Show Me Your Architecture Vol. 2: Platform Engineering on AWS
Through the AWS documentation, books like AWS in Action or AWS training, you can gain theoretical knowledge. But beyond that, it is very valuable to learn directly from practice. In this series, we inspect real-life AWS architectures. In the 2nd volume of the series, Matt provides insights into platform engineering on AWS.
I’m Matt Gowie, Founder at Masterpoint. I started my career as a software engineer and later transitioned into the AWS and DevOps world. I established Masterpoint originally as a solo consultancy. Still, in recent years we’ve grown to a larger team and are entirely focused on AWS Platform Engineering efforts using Terraform, Kubernetes, and a focus on GitOps. Our project successes have included short-term engagements and larger projects for diverse clients ranging from seed-funded startups, Fortune 20 enterprises, and many that fall in between.
We’re building cloud platforms that allow our clients to easily deploy their AWS applications. We empower developers to deploy their microservices by providing continuous delivery mechanisms and a production-ready platform. Our goal is to provide a ready-to-use application layer customized to the needs of our clients.
As shown in the following figure, we use the following building blocks as the generic platform for our clients.
- Amazon Elastic Kubernetes Service (EKS) orchestrates containers.
- AWS Fargate and EKS Managed Node Groups act as our compute layer for EKS.
- Amazon RDS, Amazon ElastiCache, Amazon OpenSearch, Amazon S3, … and more provide managed services consumed by our clients’ applications.
- Argo CD allows application engineers to deploy their microservices using declarative GitOps CD for Kubernetes.
- Spacelift is used to manage the infrastructure automation that we define in Terraform modules and configuration files.
- The SOPS Operator is our standard means to manage Kubernetes Secret Resources, providing sensitive configuration parameters to microservices in a GitOps way.
Using Infrastructure as Code with Terraform allows us to bootstrap all the underlying infrastructure like VPC, EKS, and so on. Spacelift executes our Terraform code to spin up the platform up until the point where Argo CD is up and running. From that point, Argo CD takes over, mainly to deploy application microservices and any 3rd party tooling needed in the cluster (like a CSI driver, observability tooling, log processor, or similar).

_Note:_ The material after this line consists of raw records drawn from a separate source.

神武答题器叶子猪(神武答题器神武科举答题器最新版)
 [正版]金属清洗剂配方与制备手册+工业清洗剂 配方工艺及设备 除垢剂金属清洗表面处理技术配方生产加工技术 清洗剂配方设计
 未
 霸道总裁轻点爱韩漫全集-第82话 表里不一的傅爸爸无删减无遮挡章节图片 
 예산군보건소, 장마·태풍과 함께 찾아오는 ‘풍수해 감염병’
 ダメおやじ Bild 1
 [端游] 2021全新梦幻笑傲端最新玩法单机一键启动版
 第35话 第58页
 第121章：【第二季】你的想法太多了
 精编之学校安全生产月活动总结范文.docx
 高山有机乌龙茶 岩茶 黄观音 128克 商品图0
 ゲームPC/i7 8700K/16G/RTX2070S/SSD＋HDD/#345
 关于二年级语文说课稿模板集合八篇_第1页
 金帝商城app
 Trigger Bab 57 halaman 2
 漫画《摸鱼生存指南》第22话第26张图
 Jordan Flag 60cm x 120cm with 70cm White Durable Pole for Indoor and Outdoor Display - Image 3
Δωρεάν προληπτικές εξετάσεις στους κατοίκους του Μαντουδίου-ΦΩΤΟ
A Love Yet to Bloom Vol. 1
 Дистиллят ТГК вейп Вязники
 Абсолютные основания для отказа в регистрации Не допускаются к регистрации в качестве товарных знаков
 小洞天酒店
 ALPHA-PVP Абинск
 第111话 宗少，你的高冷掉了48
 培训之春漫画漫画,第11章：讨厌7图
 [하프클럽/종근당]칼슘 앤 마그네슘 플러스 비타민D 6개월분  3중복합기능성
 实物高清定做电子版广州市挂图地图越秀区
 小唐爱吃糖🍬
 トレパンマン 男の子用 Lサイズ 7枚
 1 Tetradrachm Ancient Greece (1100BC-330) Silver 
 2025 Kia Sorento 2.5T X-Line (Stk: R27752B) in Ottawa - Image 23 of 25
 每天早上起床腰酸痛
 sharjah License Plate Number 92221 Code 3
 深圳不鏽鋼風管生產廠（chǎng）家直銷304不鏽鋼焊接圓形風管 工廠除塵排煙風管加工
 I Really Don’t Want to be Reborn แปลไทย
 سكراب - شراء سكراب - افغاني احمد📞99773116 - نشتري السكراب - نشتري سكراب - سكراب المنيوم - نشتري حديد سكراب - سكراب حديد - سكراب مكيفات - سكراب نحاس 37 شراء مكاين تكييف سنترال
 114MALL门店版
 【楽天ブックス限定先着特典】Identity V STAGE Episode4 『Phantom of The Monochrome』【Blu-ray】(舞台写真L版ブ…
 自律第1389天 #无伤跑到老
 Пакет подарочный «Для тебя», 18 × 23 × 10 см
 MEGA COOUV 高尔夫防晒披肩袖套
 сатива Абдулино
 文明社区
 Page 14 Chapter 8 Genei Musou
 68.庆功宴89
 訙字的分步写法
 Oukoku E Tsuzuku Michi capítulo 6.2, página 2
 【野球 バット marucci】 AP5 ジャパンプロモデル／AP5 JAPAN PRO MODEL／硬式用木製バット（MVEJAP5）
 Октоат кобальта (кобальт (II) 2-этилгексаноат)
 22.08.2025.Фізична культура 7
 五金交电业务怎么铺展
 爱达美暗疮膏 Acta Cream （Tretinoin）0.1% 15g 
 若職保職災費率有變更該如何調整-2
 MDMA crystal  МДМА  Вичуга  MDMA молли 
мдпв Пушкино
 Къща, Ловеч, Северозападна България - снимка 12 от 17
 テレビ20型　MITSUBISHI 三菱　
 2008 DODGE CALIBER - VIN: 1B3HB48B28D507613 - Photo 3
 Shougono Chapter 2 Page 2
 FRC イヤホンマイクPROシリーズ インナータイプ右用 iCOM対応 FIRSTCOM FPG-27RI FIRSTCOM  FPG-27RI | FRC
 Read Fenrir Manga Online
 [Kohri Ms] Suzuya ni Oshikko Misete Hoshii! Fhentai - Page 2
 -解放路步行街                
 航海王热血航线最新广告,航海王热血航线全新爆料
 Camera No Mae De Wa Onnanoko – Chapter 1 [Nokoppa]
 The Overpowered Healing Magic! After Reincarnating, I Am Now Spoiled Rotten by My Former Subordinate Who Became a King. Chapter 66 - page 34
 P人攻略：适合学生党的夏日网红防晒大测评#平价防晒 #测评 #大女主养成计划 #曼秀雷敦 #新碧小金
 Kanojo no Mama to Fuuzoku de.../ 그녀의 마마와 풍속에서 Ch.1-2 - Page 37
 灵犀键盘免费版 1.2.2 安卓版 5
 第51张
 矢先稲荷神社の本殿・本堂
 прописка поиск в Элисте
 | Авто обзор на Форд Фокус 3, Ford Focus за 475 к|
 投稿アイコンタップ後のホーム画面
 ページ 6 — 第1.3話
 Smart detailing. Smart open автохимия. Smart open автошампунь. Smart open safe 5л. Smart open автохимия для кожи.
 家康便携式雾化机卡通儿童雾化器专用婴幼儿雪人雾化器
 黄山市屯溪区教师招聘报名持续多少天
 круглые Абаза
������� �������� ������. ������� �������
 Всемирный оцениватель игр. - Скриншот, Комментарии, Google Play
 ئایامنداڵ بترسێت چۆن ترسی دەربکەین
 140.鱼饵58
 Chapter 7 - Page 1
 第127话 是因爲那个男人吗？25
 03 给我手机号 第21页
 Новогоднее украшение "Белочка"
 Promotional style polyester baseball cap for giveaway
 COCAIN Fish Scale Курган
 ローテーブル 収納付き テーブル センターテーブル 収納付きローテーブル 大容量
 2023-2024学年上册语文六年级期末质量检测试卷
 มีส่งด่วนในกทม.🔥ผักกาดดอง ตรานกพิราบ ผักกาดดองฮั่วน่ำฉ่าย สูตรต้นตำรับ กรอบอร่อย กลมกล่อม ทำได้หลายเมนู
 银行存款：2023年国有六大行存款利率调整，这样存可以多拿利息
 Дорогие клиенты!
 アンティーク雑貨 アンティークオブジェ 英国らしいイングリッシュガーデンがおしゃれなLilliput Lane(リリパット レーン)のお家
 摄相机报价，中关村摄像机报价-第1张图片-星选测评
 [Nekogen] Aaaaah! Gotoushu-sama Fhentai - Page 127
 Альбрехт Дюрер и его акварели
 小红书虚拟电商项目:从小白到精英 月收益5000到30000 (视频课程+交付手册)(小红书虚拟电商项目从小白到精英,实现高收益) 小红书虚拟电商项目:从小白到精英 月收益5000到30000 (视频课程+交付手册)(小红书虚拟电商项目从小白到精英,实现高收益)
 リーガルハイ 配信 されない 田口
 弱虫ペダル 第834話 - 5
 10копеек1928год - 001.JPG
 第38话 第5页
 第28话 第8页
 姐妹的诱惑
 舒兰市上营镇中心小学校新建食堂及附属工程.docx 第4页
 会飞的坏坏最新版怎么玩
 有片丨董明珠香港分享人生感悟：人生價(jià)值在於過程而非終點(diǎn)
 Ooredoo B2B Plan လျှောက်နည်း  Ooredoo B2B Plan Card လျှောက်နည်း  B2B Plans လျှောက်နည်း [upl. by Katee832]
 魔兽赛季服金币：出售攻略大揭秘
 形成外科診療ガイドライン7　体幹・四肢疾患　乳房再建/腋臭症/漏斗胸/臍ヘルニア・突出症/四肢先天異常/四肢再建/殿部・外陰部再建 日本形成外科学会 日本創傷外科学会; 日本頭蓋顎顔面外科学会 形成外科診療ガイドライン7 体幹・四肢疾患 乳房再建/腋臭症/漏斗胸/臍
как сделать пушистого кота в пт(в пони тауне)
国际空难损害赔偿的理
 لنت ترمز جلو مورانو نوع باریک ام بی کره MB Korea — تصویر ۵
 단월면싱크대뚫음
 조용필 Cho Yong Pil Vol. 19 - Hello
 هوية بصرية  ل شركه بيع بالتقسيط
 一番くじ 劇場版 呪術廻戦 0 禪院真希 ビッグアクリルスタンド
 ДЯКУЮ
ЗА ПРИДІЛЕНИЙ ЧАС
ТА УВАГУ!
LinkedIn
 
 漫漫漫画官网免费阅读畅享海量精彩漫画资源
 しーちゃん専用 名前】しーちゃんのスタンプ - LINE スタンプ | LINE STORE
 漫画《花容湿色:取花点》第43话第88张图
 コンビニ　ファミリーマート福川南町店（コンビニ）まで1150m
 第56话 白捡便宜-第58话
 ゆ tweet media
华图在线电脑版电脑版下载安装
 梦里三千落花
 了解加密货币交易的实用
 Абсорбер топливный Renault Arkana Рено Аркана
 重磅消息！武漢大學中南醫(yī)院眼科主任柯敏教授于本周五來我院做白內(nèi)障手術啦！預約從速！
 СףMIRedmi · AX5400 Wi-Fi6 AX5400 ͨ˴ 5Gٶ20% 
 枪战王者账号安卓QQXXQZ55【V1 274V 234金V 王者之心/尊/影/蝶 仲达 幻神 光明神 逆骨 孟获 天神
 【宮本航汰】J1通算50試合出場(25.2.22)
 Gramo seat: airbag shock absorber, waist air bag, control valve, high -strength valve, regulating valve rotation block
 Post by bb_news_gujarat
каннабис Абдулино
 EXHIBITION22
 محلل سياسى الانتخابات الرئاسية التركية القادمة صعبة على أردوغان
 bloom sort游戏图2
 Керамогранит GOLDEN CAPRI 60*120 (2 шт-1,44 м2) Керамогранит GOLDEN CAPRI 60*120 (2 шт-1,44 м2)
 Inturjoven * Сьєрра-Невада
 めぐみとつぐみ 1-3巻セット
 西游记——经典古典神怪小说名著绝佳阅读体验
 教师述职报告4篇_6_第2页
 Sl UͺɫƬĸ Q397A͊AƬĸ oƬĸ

The obvious question is, why EKS instead of ECS? The main reason why we bet on EKS is that it supports GitOps. The idea behind GitOps is that changes to the infrastructure or application code are pulled to the cluster instead of pushed, which enforces a single source of truth (Git) and removes infrastructure drift from the equation. There is no GitOps operator for ECS. Therefore, ECS requires the traditional approach of a CI/CD pipeline.
So why is GitOps so important? GitOps is the perfect choice when it comes to involving application engineers in their platform. For developers, GitOps feels natural and is simple to use because it simply revolves around a tool that we all already know well: Git and our Git Provider (GitHub, GitLab, etc.).
Besides picking the right service for orchestrating containers, we have considered using Flux instead of Argo CD. Both Flux and Argo CD are continuous delivery GitOps tools for Kubernetes. We picked Argo CD because it comes with a graphical user interface that is friendly to application engineers and is feature complete. However, we have an eye on the progress Flux is making because it has some interesting capabilities and is gaining ground.
The architecture of the platform has one design flaw. Terraform spins up the infrastructure and installs Argo CD. Then, Argo CD takes over and provisions the application services and supporting tooling. The problem is that it is important to ensure that neither Terraform nor Argo CD crosses the boundary between the resources they manage. For example, Terraform should not interact with the K8s resources managed by Argo CD. And Argo CD should not modify AWS resources managed by Terraform.
We wanted to solve this limitation by potentially moving all of our Terraform towards Crossplane, but our research showed us that it is not ready for our level of infrastructure automation. Veronika from my team just published a blog post summarizing our experiences with Crossplane: Crossplane: Why it Didn’t Work for Us.
Our architecture constantly evolves, as platform engineering, K8s, and GitOps is a very vibrant space.
Here is one example, at the beginning, we were big fans of AWS Systems Manager Parameter Store to make secrets available to microservices. However, managing those secrets required multiple steps to be driven by a GitOps workflow, which was unreliable and a lot of work.
Therefore, we started using SOPS to manage secrets once we figured out that it was a more powerful, Git-driven pattern for secrets management. The SOPS operator that we use allows us to manage a SOPS file, and it updates Kubernetes Secrets whenever changes are made in Git and keep things secure by encrypting the secret values that we store in Git via AWS KMS.
The combination of EKS and GitOps allows Matt and his team to build platforms that allow application engineers to deploy their microservices securely, reliably, and with ease. GitOps is a modern and intuitive way to deploy microservices and enhances the collaboration between application and platform engineers. By using services like RDS, ElastiCache, OpenSearch, or S3, Matt offloads the complexity of managing databases and storage and focuses on the important part: the business application.